The standard proof of the formula is easy enough, using the chain rule and the FToC. However, I somewhat feel like that is a roundabout way of proving it that doesn't really express the meaning of the formula. The formula itself, particularly when written in Leibniz notation, seems to show something more elegant about the connection between the sides of the equation. If I view it at the most basic intuitive level, the integration notation $\int_a^bf(x) \, dx$ expresses the summation of the products of intervals of ever decreasing size, $t_i-t_{i-1}$, and the value of $f$ somewhere on those intervals, in other words the value of Riemann sums comprised of smaller and smaller intervals. Viewing it that way, the left side shows the summation of $f$ when the variable is $g(x)$, over (ever decreasing) intervals of said variable, $g(t_i)-g(t_{i-1})$, only $g(x)$ is denoted simply as $u$. The right side shows the exact same summation, only it divides and then multiplies each product by $t_i-t_{i-1}$ to get $\frac {g(t_i)-g(t_{i-1})} {t_i-t_{i-1}} \cdot (t_i-t_{i-1})$ instead of $g(t_i)-g(t_{i-1})$. But since the integral is essentially the limit as the intervals get smaller and smaller, this becomes $g'(x)dx$.

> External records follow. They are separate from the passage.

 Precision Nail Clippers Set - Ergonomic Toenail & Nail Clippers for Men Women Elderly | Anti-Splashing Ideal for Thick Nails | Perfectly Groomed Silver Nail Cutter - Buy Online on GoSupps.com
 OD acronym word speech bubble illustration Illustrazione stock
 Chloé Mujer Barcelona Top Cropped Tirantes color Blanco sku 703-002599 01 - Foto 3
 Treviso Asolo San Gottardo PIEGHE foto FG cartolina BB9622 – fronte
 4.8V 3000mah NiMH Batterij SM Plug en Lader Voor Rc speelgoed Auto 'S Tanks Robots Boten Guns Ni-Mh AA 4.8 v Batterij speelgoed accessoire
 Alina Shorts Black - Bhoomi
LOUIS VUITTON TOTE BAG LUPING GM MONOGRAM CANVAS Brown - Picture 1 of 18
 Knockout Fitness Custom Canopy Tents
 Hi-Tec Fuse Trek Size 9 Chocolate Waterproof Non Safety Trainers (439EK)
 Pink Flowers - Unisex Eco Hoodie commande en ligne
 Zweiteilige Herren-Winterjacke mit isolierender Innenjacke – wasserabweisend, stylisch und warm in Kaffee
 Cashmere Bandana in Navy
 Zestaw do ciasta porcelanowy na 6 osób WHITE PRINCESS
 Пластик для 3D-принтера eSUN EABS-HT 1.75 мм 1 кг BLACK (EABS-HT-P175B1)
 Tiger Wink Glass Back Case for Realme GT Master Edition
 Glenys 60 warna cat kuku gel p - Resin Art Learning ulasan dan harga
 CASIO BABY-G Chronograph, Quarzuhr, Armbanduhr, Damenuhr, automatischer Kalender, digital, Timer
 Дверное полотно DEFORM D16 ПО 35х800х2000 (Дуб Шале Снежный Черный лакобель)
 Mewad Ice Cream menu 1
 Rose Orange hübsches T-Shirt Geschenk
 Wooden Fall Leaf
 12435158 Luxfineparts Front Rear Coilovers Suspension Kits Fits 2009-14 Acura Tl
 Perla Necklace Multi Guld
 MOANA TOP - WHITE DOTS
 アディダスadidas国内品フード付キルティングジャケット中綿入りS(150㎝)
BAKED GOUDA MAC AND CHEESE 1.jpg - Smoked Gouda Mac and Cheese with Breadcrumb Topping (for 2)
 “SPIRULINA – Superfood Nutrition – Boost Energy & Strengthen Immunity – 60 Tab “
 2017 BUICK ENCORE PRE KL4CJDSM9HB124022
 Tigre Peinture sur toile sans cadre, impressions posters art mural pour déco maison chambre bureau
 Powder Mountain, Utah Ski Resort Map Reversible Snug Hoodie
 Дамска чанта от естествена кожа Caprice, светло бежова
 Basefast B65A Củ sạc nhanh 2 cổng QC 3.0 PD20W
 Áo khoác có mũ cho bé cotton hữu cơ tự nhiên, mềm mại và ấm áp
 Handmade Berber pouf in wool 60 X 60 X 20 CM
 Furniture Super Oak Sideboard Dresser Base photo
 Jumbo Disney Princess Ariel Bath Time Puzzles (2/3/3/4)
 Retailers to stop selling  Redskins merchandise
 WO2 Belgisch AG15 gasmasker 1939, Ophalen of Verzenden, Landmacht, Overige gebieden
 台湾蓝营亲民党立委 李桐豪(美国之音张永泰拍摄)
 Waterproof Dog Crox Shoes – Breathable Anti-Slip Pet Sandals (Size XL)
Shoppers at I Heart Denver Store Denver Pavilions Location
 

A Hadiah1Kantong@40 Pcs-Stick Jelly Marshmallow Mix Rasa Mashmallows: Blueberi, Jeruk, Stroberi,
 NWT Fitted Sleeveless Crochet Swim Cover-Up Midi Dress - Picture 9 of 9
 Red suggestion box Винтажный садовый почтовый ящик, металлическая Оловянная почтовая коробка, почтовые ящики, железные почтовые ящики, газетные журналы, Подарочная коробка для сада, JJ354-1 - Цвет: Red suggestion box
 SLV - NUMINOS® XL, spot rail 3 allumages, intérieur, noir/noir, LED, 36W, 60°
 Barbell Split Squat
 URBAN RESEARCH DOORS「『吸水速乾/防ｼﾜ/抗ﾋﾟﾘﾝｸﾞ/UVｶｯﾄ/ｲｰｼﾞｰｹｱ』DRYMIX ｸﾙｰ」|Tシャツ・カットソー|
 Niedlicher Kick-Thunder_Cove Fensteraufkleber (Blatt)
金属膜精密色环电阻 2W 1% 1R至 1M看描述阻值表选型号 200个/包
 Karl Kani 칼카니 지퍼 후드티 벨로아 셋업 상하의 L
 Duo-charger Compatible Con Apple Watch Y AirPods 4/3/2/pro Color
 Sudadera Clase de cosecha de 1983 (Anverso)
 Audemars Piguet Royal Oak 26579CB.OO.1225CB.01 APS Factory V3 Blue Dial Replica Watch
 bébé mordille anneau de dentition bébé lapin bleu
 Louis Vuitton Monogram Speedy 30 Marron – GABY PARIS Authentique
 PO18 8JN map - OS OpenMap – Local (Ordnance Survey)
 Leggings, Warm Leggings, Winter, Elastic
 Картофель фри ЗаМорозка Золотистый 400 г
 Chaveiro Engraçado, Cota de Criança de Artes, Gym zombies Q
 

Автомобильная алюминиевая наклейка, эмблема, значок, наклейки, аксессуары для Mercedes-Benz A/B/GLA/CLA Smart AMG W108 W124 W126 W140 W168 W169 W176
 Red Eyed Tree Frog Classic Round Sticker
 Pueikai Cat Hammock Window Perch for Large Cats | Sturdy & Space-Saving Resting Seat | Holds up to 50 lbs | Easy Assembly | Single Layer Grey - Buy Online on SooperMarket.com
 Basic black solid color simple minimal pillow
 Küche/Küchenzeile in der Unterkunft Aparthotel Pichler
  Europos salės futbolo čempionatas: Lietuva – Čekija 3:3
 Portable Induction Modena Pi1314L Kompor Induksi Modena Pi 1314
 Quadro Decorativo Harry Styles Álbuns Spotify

Looking at it this way, the formula seems to express something almost trivial, the same expression on both sides, only on the right side each part of the expression is divided and then multiplied by the same (nonzero) value. Having noticed that, I sought to find out if there is any way to express that intuitive interpretation in a rigorous and explicit way using the basic concepts like Riemann sums and $\epsilon - \delta$ arguments, to prove the formula in a way that fully encapsulates the intuitive interpretation, rather than the conventional (although much simpler) way that seems to miss this.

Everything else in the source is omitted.